Technology offering privacy solutions

This article was originally published on June 13, 2000 by SignOn San Diego and Copley News Service.

One of the bigger worries facing folks who venture online is privacy – how much personal info are businesses gathering about them while they browse, how much of their private behavior is really private?

Before the Internet was opened to the public by Congress a decade ago, most folks who went online did so via dial-up bulletin board systems (BBSs). Many, perhaps most, BBS system operators (or sysops) required at least a valid telephone number before granting you access. Even in those less-worrisome times, when most folks who ventured online were savvy computer hobbyists and cyberspace had more of the feel of a private club, requesting phone numbers or even addresses caused quite a controversy.

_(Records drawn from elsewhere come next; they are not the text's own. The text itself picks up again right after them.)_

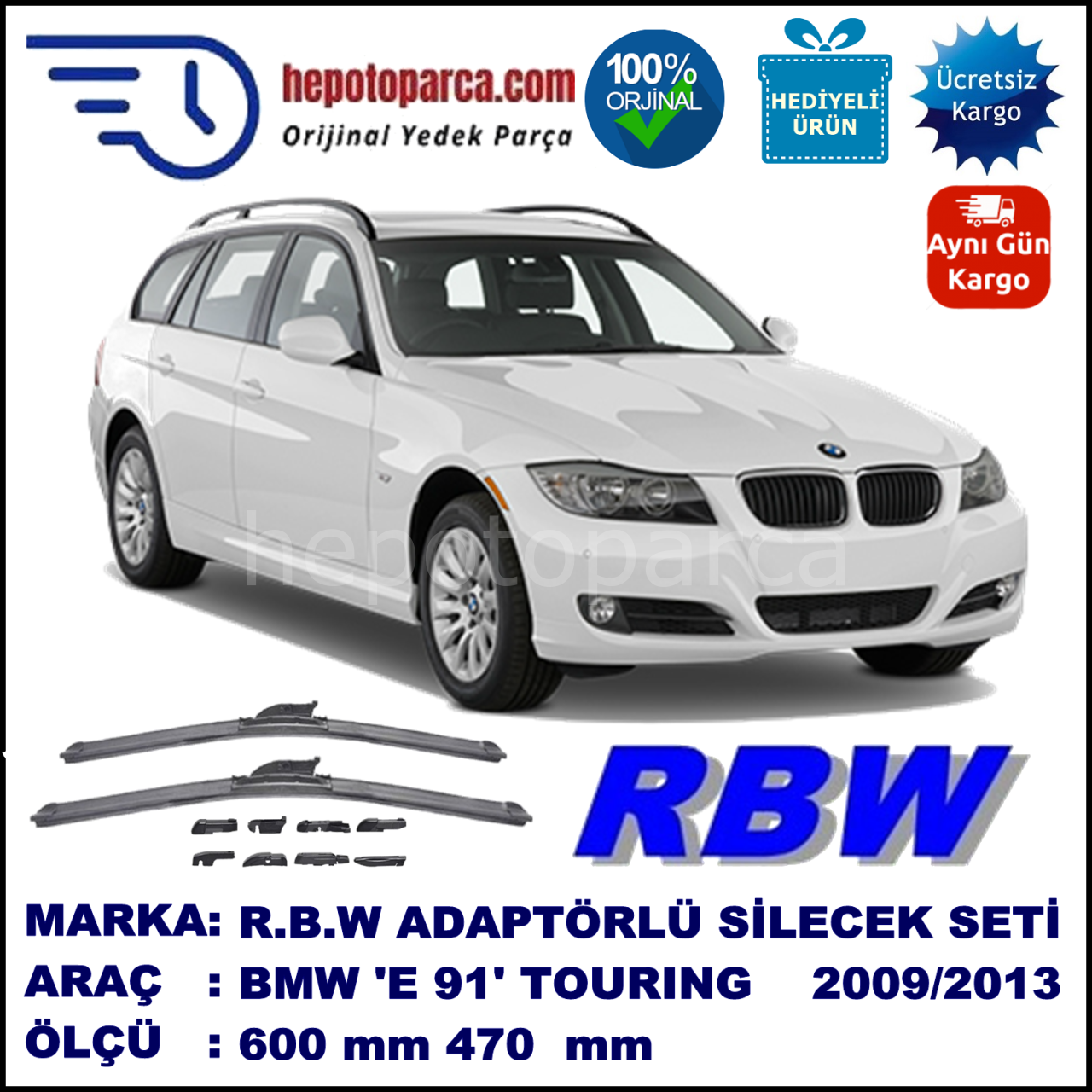 BMW Serie 3 Touring [E 91] 09.2009-05.2013, 600 / 470 mm.  RBW  ADAPTÖRLÜ MUZ SİLECEK SETİ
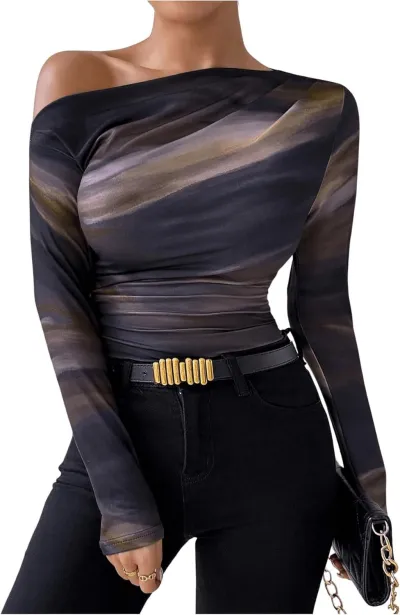 Women Tie-Dye Printed Asymmetric Ruffled Blouse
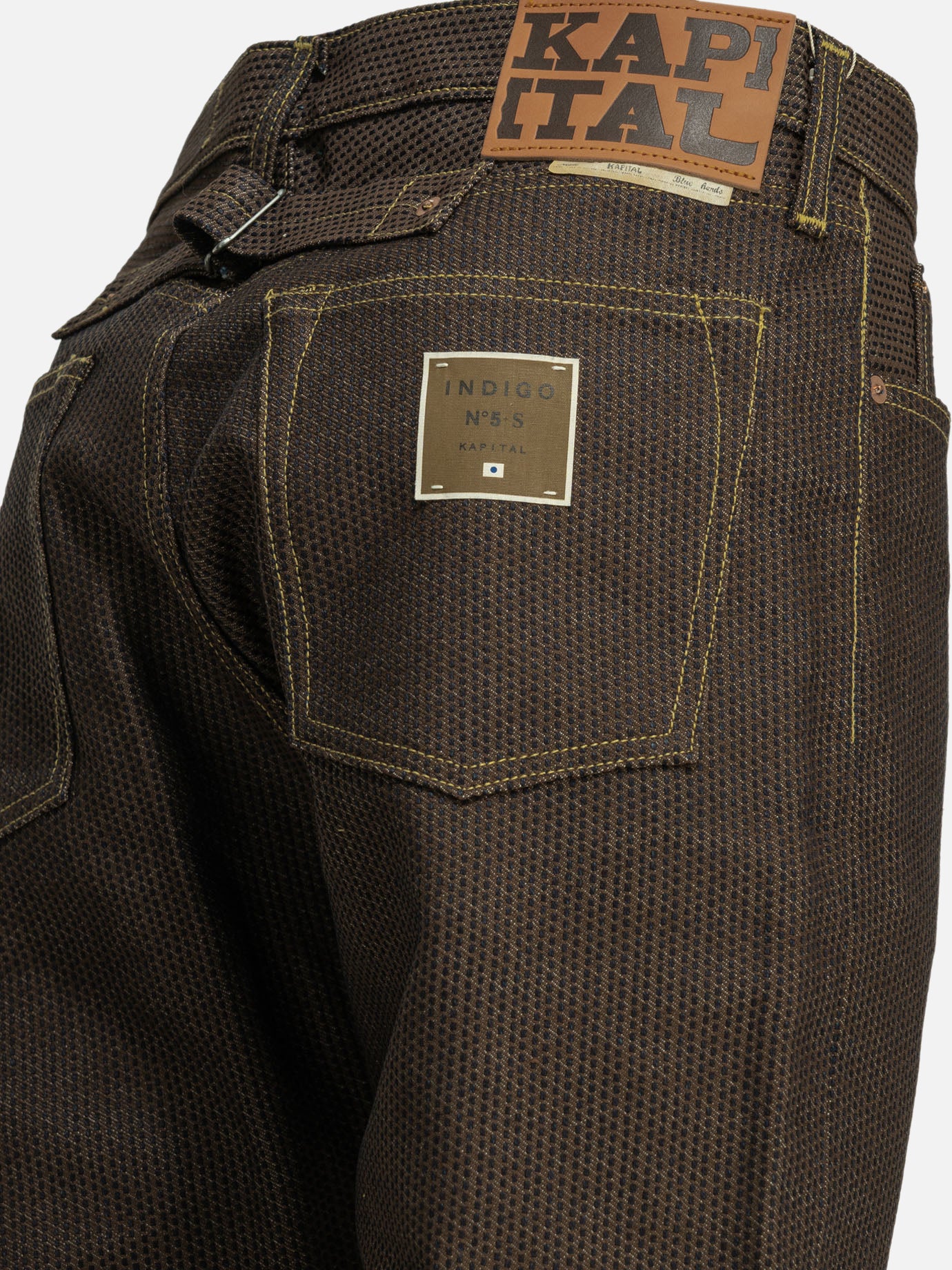 Straight-leg jeans Solid colour Brown - KAPITAL Men | PDP | VIETTI Online Store | Zoom-Modal_6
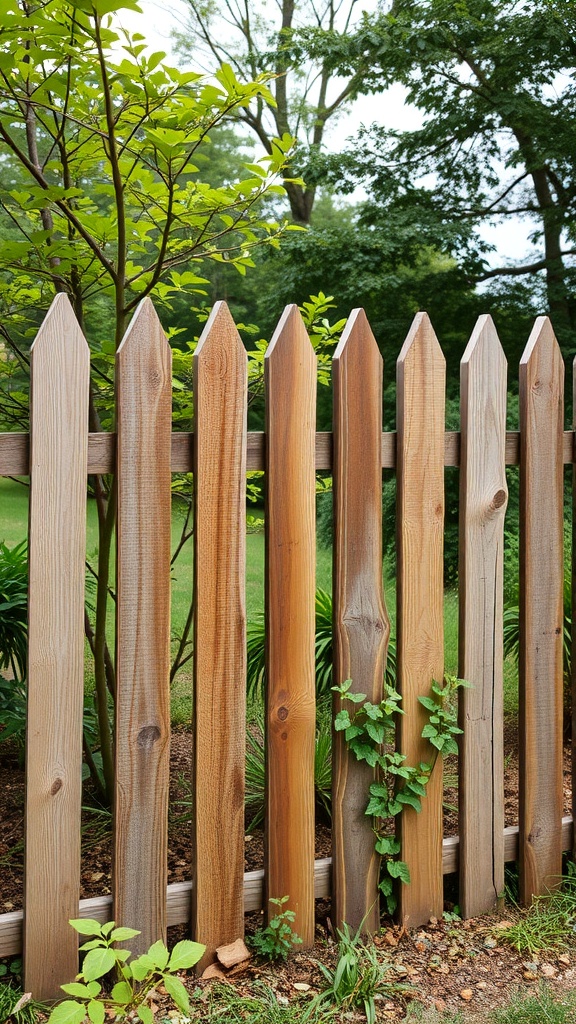 A rustic reclaimed wood fence with pointed tops, surrounded by greenery and climbing plants.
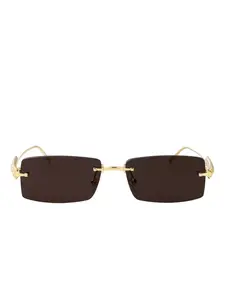 Солнцезащитные очки с прямоугольной оправой и заклепками Cartier, золотистый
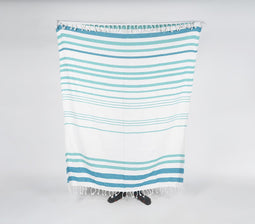 Handwoven Aqua Striped Cotton Throw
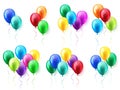 Isolated Realistic Colorful Glossy Flying Air Balloons set. Birthday party. Ribbon.Celebration. Wedding or Anniversary Royalty Free Stock Photo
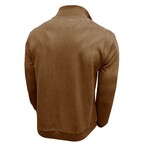 Faux Suede 1/4-Zip Long-Sleeve Pullover // Khaki (XS)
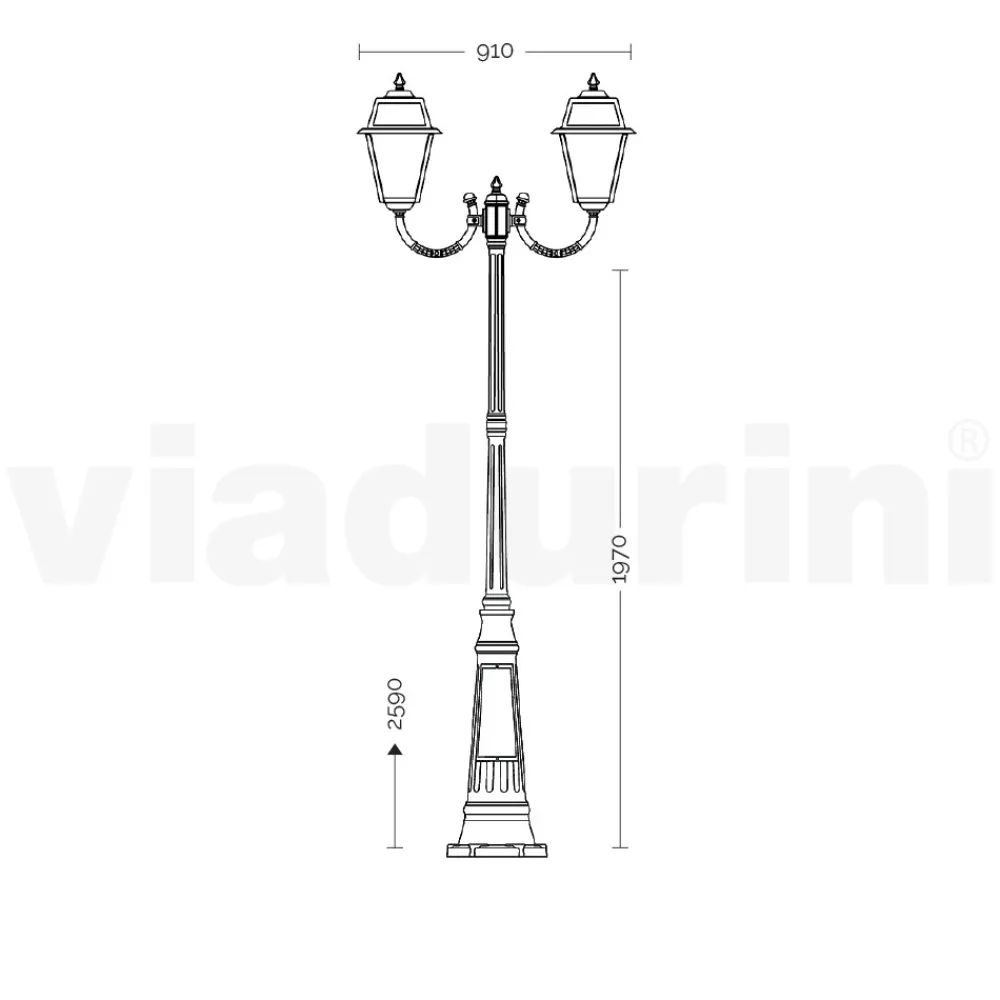 Viadurini Lighting Gartenlampion-Vintage-Laternenpfahl mit 2 Lichtern aus Aluminium und Glas, hergestellt in Italien – Doroty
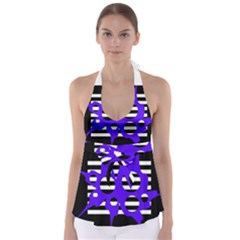 Blue Abstract Design Babydoll Tankini Top by Valentinaart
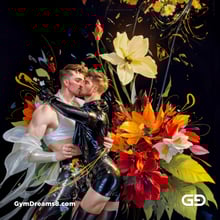 Flower Abstract Kiss. Abstract composition of gay couple kissing in a field of flowers. Stable Diffusion with Shuffle control net, Virile Fusion.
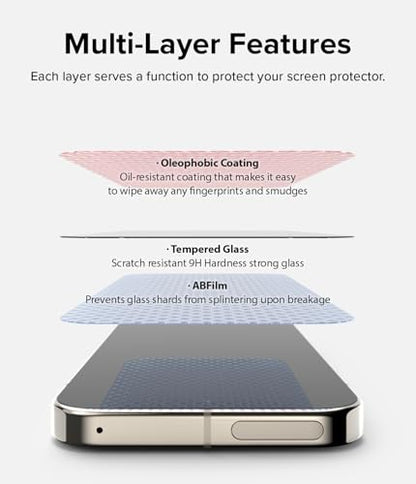 Ringke Easy Slide Tempered Glass Designed for Google Pixel 9/9 Pro Screen Protector [Super Easy to Install] Case Friendly Shatterproof Premium 9H Hardness - 2 Pack | Easy Installation with Alignment Tool, Case Friendly Premium 9H Hardness Tempered Glass -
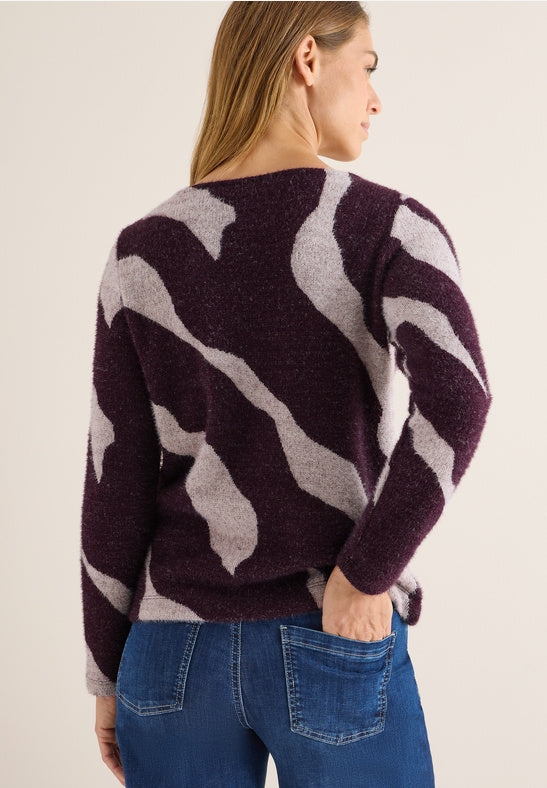 Cecil Feather Yarn trui eggplant red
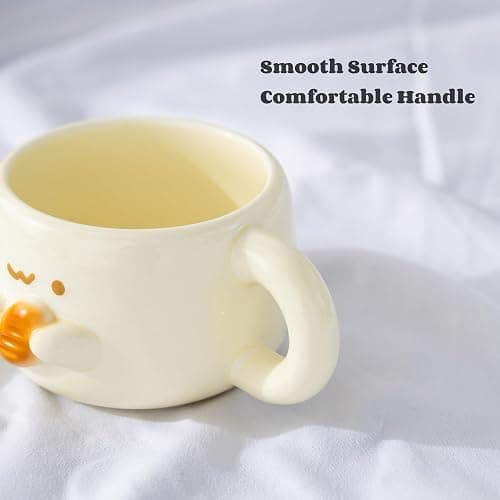 Tmtior Creative Kawaii Anime Ceramic Coffee Mugs,10 oz Hand-made Tea Cups, Cute Gifts For Women Men Kids (Bread) thumbnail 6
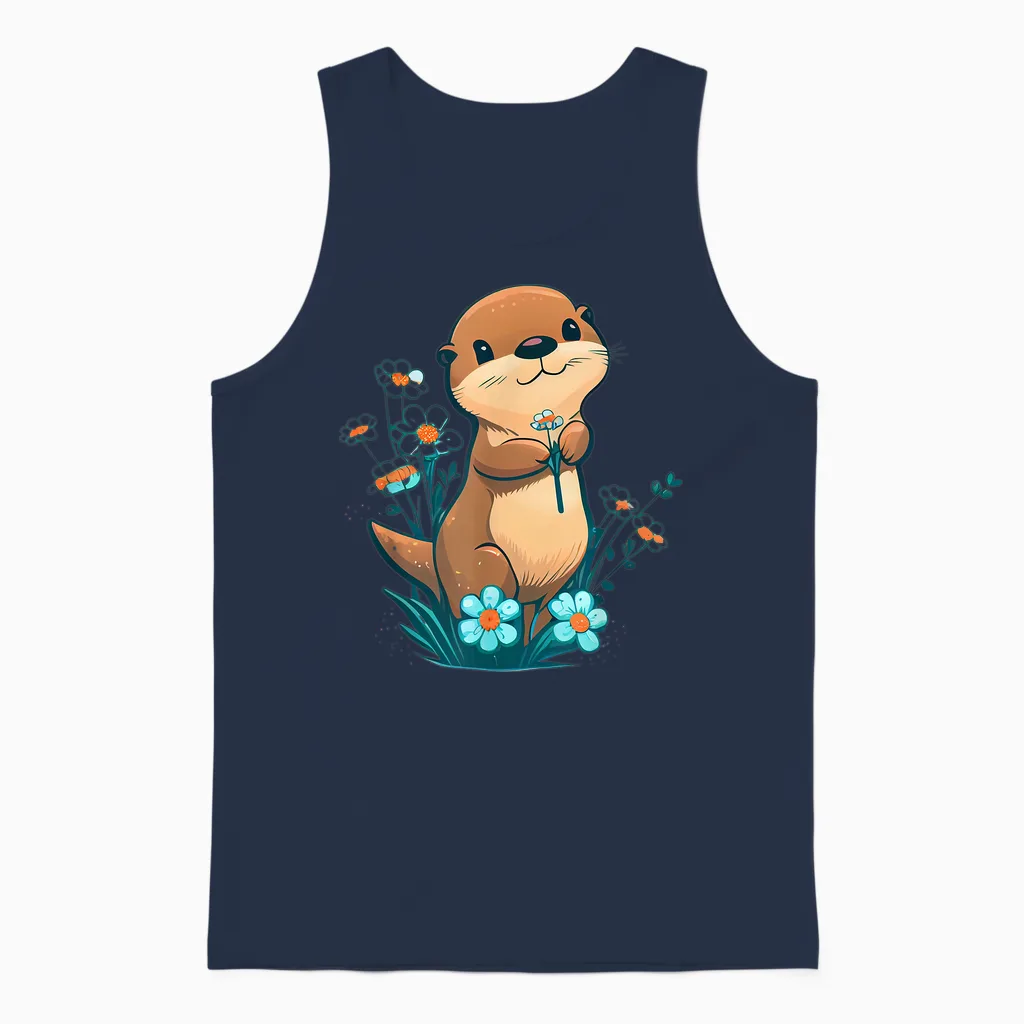 Baby Otter Blumen β Otter Kids & Unisex Tank Top in Navy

At about the same time the Internet was made public, Phil Zimmerman introduced his groundbreaking encryption program, Pretty Good Privacy. With PGP, anyone with a personal computer could make it nearly impossible for anyone else to read their e-mail or attached word processor documents unless you'd been granted access by the sender. But PGP had a rather arcane command-line interface – programmers and other techheads loved it, the general public was too confused to use it.

And besides, the government pressed charges against Zimmerman for supposedly breaking encryption export laws by making PGP available online, which had the effect of making the general consumer a bit worried about using the program. (Under unrelenting pressure from civil libertarians, free-speech advocates and the media, the government finally dropped charges against Zimmerman. PGP is still available, with a much easier to use interface.)

Another early effort to help folks protect their privacy online came in 1993 from Finland, where Johan Helsingius wrote an anonymous e-mail server he ran from anon.penet.fi. But a Finnish court ordered Helsingius to turn over the true identity of one of his subscribers, and he shut the service down shortly after in protest.

Other services offering various forms and levels of online anonymity have also seen courts order them to identify customers for one reason or another, forcing a recognition that anonymizing services don't always deliver what they promise – that to date most anonymizing software has forced the company providing the privacy service to keep in-house records in order to make the whole system work.

All of which means that while using these services may prevent the operators of Web sites you visit from identifying you, should you end up in court or find yourself the target of police investigation, your online records may yet become public.

Congress has, as one might expect, jumped into the issue – proposing all sorts of different laws that would do everything from guarantee online anonymity to prohibit online anonymity. God help anyone looking to Washington for clarity.

While counting on technology to be our savior is rarely wise, it might be less naïve than depending on politicians. And a new software program out seems to offer the most privacy protection yet.

The folks at Zero-Knowledge Systems have a new privacy client out called Freedom 1.1. Although it's only available for Windows 95 and 98, it does – according to technical folks who understand far more of this stuff than I – seem to offer real privacy.

Freedom 1.1 does this by using randomly generated pseudonyms – even if subpoenaed by a judge, the folks at Zero-Knowledge have no way of knowing which particular user did what on their servers.

The one drawback to the program is that it won't work over a lot of corporate firewalls. But if you're trying to protect your company's private business dealings from prying eyes, it's likely that at least some accounts could be set up by a good systems department to allow for the use of Freedom 1.1. And it should work for most folks at home, although it doesn't work with AOL or CompuServe.

The fact that Freedom 1.1 is secure from itself doesn't mean, however, that clever programmers won't find a way to monitor those using it. But for now, it would seem to be one of the more secure methods of protecting your privacy online.